Henri bugünkü, İngiltere Prensi Henry gibi kızıl saçlı uzun boylu bir adamdı. Çok ata binmekten bacakları biraz yay şekli almış, acımasız, savaşçı özellikleri olan, kuzeni Steven’la bıkmadan usanmadan taht kavgasını yürüten ve sonra anlaşma yoluna gidecek olan biriydi. O da Elanor gibi iyi bir eğitim almış, Latince bilen boş vakitlerini okumaya ayıran bir gençti.
Eleanor’la evlendiğinde henüz İngiltere Kralı olmamıştı. Annesi Matilda imparatoriçe unvanını koruduğu için kendisine Henri FitzEmpress dedirtiyordu. Yani Almanca olarak İmparatoriçenin oğlu. (Annesi Matilda’nın eski Kutsal Roma İmparatoru 7. Henry ile yapmış olduğu ilk evliliği nedeniyle)
Bunun yanında Normandiya Dükü olmuştu. Normandiya Dukalığı halen Fransa Krallığına bağlıydı. Bu yüzden daha önce Fransa Kralına bağlılığını göstermek için bir ziyarette bulunmuştu. Bu ziyarette Elanor ile de tanışmıştı. Eleanor’dan 11 yaş küçüktü ama bu ilk karşılaşmada birbirlerinden hoşlanmış olmalılar ki Elanor ikinci evliliğini onunla yapmak istedi.
Elanor’un Henri ile olan evliliğini duyunca Fransa Kralı 7. Louis çok sinirlendi. Bu hem aşk evliliği hem de siyasi bir evlilikti. Elanor’un toprakları daha evvel yaptıkları anlaşma gereği kendisine geri verildi ama Louis bunu şimdi kabul etmek istemiyordu. Fransa Kralı unvanının yanı sıra Aquitain Dükü unvanını da kullanmak da ısrar etti.
Bu zengin dukalığın, rakibi Henri’ye geçmesini istemiyordu.

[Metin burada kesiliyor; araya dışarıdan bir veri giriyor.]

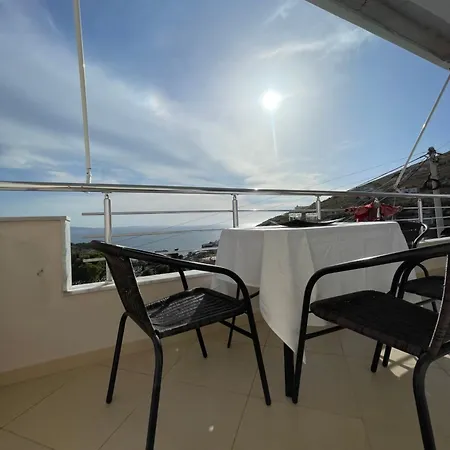 Seaside Apartmán Sarandë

Eğer Henri İngiltere Kralı olma mücadelesini başarıyla tamamlarsa kendisiyle kral olarak eşit mevkide olacaktı.
Henri babasından dolayı aynı zamanda Anjou Kontu’ydu, bir de ona bitişik Aquitain’i idare ederse hem İngiltere hem de Fransa’nın yarısı olmak üzere büyük bir imparatorluk kuracaktı.
Elanor Henry ile yaptığı evlilikte Louis ile olan evliliğindeki gibi aynı şartları ileri sürdü. Aquitain düşesi olarak kendi topraklarını idare etmeye devam edecek ancak bir erkek evlat olursa ilerde toprakları ona geçecekti.
Bu ihtimal Louis’yi düşündürüyordu, Elanor’dan sonra Aquitain’in kendi kızları Marie ve Alix’e geçmesini istiyordu.
O sinirle Normandiya’yı işgal etmeye başladı. Henri derhal Elanor’un yanından ayrılarak, topraklarını savunmak için Normandiya’ya döndü. Altı haftalık çatışmalardan sonra Louis çekilmek ve barış yapmak zorunda kaldı.
Normandiya’yı sağlama alan Henri İngiltere’ye döndü, Steven’a karşı yaptığı taht mücadelesine devam etti. Elanor ilk çocuklarına hamile olduğu için Henri’nin annesi Matilda ile Fransa’da kaldı.
1153 yılı ağustos ayında genç çiftin ilk çocukları William doğmuş, kasım ayında ise Steven ile Henri barış anlaşması yapmıştı. Louis ise Kastilya Kralı Alfonso’nun kızı Constance ile evlenmişti.
1154 yılında Steven’ın ölümüyle Henri “Kral” ilan edildi. O sırada Fransa’da bulunuyorlardı. İkisi birlikte İngiltere’ye hareket ettiler. Böylece Elanor tarihte ilk defa olarak hem Fransa hem de İngiltere Kraliçesi unvanını almış bir kadın oldu.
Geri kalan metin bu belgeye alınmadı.